___ Supplied data ___

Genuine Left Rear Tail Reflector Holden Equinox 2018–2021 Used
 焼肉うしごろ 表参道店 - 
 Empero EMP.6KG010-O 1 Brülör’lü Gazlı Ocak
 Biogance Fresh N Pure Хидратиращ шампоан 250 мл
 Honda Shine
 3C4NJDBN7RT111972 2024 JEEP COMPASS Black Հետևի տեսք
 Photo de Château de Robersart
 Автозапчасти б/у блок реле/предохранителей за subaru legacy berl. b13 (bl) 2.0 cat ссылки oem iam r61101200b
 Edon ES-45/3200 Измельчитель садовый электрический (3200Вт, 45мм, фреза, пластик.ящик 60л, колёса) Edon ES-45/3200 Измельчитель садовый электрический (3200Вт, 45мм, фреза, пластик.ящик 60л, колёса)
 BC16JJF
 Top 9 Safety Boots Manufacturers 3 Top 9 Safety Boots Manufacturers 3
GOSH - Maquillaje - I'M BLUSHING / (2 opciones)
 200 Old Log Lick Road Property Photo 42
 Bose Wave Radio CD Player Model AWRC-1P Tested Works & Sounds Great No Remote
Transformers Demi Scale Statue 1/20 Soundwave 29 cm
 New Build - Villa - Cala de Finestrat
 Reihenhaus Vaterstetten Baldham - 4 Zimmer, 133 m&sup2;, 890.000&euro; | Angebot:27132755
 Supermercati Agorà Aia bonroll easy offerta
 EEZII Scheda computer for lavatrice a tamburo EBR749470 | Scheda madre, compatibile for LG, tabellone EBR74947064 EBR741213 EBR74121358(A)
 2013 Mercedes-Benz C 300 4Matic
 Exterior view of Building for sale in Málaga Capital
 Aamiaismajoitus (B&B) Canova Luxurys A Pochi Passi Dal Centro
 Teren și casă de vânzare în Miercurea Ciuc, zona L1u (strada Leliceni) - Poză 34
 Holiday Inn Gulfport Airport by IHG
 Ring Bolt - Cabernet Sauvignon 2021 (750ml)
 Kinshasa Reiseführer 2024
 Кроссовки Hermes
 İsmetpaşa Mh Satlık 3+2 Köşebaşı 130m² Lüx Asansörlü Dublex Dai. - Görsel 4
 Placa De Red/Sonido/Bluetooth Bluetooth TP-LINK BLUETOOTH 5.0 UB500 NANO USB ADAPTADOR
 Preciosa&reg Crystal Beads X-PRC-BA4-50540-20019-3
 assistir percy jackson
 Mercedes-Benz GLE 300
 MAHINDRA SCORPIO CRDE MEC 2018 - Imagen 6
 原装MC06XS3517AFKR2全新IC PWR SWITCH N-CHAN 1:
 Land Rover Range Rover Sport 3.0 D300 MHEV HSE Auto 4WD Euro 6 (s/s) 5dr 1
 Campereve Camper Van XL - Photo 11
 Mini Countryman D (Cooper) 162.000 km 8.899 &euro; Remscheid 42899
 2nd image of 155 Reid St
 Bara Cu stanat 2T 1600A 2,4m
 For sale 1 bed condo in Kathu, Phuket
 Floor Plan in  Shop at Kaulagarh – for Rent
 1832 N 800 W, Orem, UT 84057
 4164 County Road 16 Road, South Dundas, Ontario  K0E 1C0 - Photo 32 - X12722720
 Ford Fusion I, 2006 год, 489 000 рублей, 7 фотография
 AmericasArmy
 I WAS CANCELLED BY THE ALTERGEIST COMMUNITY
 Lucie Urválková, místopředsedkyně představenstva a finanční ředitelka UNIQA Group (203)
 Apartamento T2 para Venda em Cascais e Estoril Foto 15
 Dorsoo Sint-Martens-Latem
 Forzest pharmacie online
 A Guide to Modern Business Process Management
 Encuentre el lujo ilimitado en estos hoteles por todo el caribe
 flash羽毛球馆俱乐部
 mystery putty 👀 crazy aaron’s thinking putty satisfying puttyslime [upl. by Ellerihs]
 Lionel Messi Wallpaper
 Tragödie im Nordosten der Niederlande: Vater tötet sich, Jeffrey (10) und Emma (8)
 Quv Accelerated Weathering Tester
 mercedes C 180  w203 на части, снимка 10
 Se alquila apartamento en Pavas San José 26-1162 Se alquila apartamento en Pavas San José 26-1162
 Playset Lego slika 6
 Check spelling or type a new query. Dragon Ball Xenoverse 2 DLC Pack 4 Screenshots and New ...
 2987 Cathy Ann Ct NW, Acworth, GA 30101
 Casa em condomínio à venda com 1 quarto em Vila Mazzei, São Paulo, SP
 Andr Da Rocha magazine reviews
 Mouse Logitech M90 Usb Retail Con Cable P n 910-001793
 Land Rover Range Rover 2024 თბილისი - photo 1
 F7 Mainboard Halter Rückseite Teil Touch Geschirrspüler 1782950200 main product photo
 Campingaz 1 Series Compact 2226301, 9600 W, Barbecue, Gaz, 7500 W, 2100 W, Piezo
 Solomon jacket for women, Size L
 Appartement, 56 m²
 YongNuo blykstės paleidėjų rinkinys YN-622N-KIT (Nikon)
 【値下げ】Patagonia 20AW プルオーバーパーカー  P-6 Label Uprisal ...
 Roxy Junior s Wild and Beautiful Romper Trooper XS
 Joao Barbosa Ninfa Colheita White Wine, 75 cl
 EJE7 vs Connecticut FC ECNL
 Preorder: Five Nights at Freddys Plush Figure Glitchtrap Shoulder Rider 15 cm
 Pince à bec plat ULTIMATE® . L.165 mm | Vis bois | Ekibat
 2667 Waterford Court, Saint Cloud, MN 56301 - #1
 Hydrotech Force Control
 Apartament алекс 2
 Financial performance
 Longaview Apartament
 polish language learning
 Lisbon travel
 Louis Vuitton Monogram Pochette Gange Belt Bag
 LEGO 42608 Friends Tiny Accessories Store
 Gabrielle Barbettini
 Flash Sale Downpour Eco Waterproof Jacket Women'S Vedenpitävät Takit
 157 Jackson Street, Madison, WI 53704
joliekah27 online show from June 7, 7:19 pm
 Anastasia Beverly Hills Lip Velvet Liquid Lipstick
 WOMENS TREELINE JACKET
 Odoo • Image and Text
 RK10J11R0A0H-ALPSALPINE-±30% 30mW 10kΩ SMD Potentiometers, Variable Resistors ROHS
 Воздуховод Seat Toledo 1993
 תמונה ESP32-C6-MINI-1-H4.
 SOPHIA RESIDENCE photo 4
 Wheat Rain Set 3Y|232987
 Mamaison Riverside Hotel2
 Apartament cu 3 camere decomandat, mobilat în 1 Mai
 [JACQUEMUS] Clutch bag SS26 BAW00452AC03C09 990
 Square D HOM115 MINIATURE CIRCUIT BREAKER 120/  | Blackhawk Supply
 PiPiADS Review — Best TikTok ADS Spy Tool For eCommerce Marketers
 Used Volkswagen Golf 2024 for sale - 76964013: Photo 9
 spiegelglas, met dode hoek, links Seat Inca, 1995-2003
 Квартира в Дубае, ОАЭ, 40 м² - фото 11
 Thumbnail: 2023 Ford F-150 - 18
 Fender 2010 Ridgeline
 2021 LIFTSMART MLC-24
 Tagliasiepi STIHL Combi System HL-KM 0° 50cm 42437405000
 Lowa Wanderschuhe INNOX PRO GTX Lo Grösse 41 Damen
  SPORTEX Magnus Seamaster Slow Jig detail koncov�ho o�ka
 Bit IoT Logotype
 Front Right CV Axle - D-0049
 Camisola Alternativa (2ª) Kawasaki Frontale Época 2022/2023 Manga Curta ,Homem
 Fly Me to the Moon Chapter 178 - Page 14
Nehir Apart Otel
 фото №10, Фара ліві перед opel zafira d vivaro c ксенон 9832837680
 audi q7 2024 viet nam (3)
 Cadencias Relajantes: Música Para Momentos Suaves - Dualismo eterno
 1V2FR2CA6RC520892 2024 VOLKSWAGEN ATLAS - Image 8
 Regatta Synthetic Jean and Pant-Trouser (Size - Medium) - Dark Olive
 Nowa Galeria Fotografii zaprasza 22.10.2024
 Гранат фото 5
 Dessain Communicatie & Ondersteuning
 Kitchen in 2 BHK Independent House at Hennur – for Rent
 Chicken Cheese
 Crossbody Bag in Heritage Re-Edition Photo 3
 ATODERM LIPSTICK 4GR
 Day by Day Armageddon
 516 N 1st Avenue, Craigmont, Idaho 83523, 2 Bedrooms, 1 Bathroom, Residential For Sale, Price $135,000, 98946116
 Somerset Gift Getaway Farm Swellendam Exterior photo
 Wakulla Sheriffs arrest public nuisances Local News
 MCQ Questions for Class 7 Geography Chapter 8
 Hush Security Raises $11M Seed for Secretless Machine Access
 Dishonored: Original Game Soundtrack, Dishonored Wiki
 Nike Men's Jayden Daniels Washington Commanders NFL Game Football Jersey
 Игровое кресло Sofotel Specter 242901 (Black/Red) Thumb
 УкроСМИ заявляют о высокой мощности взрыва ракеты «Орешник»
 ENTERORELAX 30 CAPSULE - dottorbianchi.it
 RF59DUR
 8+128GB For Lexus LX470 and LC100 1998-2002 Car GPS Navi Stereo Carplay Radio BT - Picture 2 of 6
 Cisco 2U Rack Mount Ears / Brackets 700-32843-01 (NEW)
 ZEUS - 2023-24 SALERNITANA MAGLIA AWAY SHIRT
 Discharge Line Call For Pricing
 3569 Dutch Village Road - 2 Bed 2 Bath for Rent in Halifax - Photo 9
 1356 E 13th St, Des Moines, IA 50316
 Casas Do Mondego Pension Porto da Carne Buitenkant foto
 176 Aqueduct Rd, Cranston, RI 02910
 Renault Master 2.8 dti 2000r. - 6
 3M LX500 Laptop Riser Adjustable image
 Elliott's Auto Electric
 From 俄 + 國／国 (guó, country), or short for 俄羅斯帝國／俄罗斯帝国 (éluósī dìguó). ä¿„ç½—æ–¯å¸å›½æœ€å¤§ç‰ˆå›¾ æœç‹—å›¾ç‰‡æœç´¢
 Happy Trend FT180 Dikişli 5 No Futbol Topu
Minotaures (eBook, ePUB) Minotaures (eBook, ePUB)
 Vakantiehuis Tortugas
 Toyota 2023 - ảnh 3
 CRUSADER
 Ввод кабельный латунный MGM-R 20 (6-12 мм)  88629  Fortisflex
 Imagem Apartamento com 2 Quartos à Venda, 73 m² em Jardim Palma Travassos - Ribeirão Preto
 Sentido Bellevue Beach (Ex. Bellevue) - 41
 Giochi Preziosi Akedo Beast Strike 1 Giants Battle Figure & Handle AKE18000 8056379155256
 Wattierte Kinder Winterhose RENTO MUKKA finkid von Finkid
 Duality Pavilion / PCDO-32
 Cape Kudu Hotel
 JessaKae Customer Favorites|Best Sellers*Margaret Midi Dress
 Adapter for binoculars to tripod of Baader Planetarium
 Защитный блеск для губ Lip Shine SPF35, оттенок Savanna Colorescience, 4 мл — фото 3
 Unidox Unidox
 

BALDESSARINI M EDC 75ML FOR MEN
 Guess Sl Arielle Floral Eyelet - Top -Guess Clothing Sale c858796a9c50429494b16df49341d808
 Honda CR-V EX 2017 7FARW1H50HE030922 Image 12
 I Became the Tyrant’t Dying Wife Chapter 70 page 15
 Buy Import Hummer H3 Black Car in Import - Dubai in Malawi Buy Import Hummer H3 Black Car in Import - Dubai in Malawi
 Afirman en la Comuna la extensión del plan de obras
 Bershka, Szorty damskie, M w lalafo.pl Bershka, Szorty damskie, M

___

## Work instructions
Reproduce the entries above exactly, but only the lines between the line holding "Joao Barbosa Ninfa" and the line holding "157 Jackson Street, Madison, WI 53704", inclusive.

## Response box
 Joao Barbosa Ninfa Colheita White Wine, 75 cl
 EJE7 vs Connecticut FC ECNL
 Preorder: Five Nights at Freddys Plush Figure Glitchtrap Shoulder Rider 15 cm
 Pince à bec plat ULTIMATE® . L.165 mm | Vis bois | Ekibat
 2667 Waterford Court, Saint Cloud, MN 56301 - #1
 Hydrotech Force Control
 Apartament алекс 2
 Financial performance
 Longaview Apartament
 polish language learning
 Lisbon travel
 Louis Vuitton Monogram Pochette Gange Belt Bag
 LEGO 42608 Friends Tiny Accessories Store
 Gabrielle Barbettini
 Flash Sale Downpour Eco Waterproof Jacket Women'S Vedenpitävät Takit
 157 Jackson Street, Madison, WI 53704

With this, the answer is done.